You are probably right about the 6809, the stuff I worked on was all in the development stages for the project, and at the server end.  I did field engineering for Transduction, and we supplied equipment to Norpak, although I can't for the life of me remember what!  I remember going to visit their headquarters in Pakenham and was surprised to find it was a set of farm outbuildings!  That was the NORton family of PAKenham, whence they got the name.

The development system from Carling Drive in Ottawa was transferred to Bell's Simcoe Street office in Toronto when they went live, and I got a service call there to work on the DMAX/16s again, as somebody ad removed the remote diagnostics panel from the PDP11/70  and forgot to replace the NPG jumper on the backplane, causing bus hangs.

cheers,

Nigel (for people who knew me back then, I was called 'Bill' Johnson!)

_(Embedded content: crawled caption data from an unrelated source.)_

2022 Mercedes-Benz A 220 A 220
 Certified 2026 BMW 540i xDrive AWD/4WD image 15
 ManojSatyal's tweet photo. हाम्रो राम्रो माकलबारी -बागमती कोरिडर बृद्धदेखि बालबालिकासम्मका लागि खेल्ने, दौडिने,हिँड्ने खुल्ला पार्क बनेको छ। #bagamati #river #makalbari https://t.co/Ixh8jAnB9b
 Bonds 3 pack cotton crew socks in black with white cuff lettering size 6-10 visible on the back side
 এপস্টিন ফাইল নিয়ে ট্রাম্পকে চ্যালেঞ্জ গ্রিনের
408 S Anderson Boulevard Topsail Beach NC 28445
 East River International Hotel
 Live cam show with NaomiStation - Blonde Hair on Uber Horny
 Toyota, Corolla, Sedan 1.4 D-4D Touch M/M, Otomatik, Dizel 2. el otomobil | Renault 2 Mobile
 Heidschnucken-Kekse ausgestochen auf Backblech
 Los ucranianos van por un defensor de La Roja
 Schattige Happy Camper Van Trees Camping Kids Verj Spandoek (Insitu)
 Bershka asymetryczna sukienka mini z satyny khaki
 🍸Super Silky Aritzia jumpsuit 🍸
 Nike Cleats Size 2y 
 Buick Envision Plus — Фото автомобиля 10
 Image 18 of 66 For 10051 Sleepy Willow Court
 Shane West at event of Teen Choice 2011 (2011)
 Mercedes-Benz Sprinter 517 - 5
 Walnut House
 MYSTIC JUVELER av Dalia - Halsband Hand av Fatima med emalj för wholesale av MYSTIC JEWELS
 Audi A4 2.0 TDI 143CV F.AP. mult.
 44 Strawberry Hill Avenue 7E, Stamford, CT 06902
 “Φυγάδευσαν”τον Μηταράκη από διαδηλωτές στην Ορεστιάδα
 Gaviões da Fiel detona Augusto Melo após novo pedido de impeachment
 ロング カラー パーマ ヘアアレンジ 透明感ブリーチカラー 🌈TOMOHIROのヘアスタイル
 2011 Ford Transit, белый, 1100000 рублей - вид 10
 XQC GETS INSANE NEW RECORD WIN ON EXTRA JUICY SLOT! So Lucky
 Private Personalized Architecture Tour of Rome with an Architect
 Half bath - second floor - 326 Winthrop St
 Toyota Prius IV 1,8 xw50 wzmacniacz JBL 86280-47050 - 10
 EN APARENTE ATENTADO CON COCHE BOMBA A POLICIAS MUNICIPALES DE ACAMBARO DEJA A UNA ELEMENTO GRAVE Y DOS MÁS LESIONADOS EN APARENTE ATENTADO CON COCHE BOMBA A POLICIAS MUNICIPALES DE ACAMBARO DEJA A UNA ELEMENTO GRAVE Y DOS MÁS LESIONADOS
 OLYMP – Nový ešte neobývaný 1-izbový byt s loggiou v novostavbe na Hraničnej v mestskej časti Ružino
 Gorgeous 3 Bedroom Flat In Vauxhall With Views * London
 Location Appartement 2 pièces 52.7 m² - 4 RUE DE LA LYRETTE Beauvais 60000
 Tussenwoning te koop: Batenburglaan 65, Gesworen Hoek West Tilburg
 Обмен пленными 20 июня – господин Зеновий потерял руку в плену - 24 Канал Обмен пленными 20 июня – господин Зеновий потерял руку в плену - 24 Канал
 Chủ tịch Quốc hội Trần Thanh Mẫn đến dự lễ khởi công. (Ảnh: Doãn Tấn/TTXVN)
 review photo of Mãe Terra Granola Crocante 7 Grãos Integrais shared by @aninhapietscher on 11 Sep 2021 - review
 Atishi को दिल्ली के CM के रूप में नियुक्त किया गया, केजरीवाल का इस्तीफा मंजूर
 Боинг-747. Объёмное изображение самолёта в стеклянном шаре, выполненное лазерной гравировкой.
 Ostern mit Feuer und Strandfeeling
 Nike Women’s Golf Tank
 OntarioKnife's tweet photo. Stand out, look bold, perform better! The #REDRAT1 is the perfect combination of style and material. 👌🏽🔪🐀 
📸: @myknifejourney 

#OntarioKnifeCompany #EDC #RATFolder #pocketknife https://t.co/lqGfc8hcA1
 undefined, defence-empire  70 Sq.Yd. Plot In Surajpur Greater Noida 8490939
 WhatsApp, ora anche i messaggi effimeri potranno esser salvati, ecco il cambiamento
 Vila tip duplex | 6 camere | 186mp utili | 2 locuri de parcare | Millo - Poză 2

On 20/10/2019 15:09, Brent Hilpert via cctalk wrote:
On 2019-Oct-20, at 9:14 AM, Nigel Johnson via cctalk wrote:
On 20/10/2019 06:43, Peter Corlett via cctalk wrote:
On Sat, Oct 19, 2019 at 02:23:46PM -0400, Nigel Johnson via cctalk wrote:
Judging by the year, it was probably a teletext terminal. [...]
It's not Teletext, unless that word means something different on the other side of the Pond. Teletext was basically a text system (the hint's in the name) with graphics (and indeed colour) being a weird hack that gave it a particular
appearance, especially in typical implementations which used the SAA5050
character generator chip.

The palette and colour fringing suggest Apple II to me.
It was called teletext despite the implications, at least here in Canada. People just couldn't get their tongue around NAPLPS!

It looks just like the teletext systems I worked on, maybe ours was better than yours?

For elucidation, here's an example of a Canadian Telidon terminal with display examples:
http://madrona.ca/e/telidon/index.html

(The processor is indeed a 6809, as Diane was mentioning.)

Graphics was very much a part of the Telidon/NAPLPS protocol.
(Note: Colour capabilities may differ between terminals, the protocol was such as to permit a range of compatible implementations.)

While the store directory terminal of the OP 'could' have been a Telidon/NAPLPS terminal, I'd be placing my bets more on the Apple-II (or similar) as others mentioned. Strikes me more as a standalone unit. I think using a videotex/teletext/Telidon/NAPLPS terminal would have been awkward and the economics poor, there'd either have to be a rented comm line to a remote server, an additional local server, or storage hacked onto the terminal.

The touch-screen is another issue, while it could have been supported in a proprietary manner I'm not aware of explicit support for touch-screens in the protocol.

I believe the NAPLPS designation (designation as an industry standard) came rather late in the game, an attempt to gain some recognition for a dying project. As "Telidon", it had begun years earlier.


--
Nigel Johnson
MSc., MIEEE
VE3ID/G4AJQ/VA3MCU

Amateur Radio, the origin of the open-source concept!